Hc asks "corrupt cop" to pay estranged wife maintenance as l

The Bombay High Court has taken into account a cop’s income from sources other than his salary to grant his estranged wife’s demand for monthly maintenance, after she told the court he brought home nearly Rs 50,000 a month in bribes. Constable Sainu Virkar of Thane police will now pay his wife Shobha Rs 16,000 a month, which is a little more than his monthly take-home, official that is.


Though Virkar refuted his wife’s claim about his ‘other sources of income’ and demanded that she produce proof, Justice Roshan Dalvi went by the public perception of government servants such as police officers being corrupt.

“It may be that proceedings under the Prevention of Corruption Act may or may not have been initiated against the petitioner (husband), but upon a specific plea of the wife, and given the nature of public officers like police officers who are seen to be corrupt, those statements cannot be brushed aside, at least for the benefit of the petitioner,” the judge observed.
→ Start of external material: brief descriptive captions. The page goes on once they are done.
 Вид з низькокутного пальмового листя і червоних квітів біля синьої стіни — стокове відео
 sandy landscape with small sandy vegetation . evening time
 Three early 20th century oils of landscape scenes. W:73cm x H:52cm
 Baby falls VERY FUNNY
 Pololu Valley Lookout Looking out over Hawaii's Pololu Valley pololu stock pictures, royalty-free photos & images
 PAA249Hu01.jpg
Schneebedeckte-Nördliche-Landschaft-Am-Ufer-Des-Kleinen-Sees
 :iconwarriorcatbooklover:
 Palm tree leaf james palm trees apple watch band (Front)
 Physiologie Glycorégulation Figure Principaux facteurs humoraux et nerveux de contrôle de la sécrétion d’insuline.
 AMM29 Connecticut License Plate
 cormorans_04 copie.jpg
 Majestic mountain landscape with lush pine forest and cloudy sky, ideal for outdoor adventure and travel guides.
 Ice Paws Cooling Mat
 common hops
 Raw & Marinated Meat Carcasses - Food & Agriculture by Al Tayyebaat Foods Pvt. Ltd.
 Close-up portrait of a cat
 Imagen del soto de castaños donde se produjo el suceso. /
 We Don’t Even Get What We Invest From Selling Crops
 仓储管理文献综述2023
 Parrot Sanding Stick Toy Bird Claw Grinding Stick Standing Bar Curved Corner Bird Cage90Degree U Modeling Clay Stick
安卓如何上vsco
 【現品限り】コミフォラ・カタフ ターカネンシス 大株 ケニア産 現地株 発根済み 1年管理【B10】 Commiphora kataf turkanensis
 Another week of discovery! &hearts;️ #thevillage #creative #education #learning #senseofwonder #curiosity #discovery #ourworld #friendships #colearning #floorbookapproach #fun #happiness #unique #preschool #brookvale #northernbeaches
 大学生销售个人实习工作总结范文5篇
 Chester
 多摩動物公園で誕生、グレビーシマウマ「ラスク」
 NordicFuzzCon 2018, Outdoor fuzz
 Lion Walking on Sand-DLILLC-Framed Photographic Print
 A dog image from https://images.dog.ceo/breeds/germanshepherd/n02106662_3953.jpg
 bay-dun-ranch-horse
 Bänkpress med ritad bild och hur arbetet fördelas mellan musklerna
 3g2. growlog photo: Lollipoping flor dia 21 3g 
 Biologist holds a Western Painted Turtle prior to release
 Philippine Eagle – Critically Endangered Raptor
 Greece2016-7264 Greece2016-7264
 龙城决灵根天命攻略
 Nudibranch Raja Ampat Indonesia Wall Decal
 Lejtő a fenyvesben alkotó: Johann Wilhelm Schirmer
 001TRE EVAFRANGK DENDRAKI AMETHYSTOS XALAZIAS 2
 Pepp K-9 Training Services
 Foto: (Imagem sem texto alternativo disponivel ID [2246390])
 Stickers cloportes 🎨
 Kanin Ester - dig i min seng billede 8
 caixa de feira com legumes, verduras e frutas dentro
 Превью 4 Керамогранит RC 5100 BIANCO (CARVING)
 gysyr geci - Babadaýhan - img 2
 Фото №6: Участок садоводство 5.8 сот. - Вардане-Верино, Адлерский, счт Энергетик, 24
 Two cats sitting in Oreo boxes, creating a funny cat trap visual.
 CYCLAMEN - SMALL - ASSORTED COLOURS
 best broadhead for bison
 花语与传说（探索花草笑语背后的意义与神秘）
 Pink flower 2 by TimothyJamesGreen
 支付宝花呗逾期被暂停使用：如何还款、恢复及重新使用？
Justice Dalvi was hearing Virkar’s plea against a family court’s order, directing him to pay his wife an interim monthly maintenance – Rs 8,000 for her own needs and Rs 4000 each for that of their two teen-aged children. Virkar and his wife are locked in a bitter divorce battle since May last year when she filed a divorce petition in a Thane family court through advocate Ravindra Sankpal. The petition was later transferred to the Bandra family court.

Virkar countered his wife’s divorce petition by filing his own demanding restitution of conjugal rights in July last year.

Virkar’s petition in the high court said his monthly salary is Rs 26,278 per month and that after various deductions, he takes home Rs 15,822, which is Rs 178 less than the maintenance he must now pay his wife.

The family court’s order came in July. Though the family court had rejected Virkar’s wife’s contention about his ‘extra income’ in absence of any proof, it upheld her demand for maintenance. The family court had then observed, “There is no proof that he is involved in illegal practices. Even if it is assumed that he is, it is the duty of the petitioner (his wife) to inform the Anti Corruption Bureau about the same.”

The family court had also rejected Virkar’s wife’s claim that he annually earned Rs 4 lakh from a piece of agricultural land in Satara.

In his appeal in HC seeking a lower maintenance amount, Virkar had also showed expenses like society maintenance, electricity bills and home loan repayment.

However, the high court refused to accept these arguments. The court observed that he had not produced any agreement for the EMI amount. It also said that while the flat was purchased in 2004, the application for home loan was made only in April last year, just a month before his wife filed for divorce.

On the electricity bill, the court observed that his monthly spend of Rs 1220 was rather high for an income of just under Rs 16,000. “The petitioner is seen to live comfortably and is also seen to manipulate his salary sheet,” the judge said.

Virkar, who has filed an appeal against this order through advocate Dinesh Kadam, said he has done his best for the upkeep of his estranged wife and two children.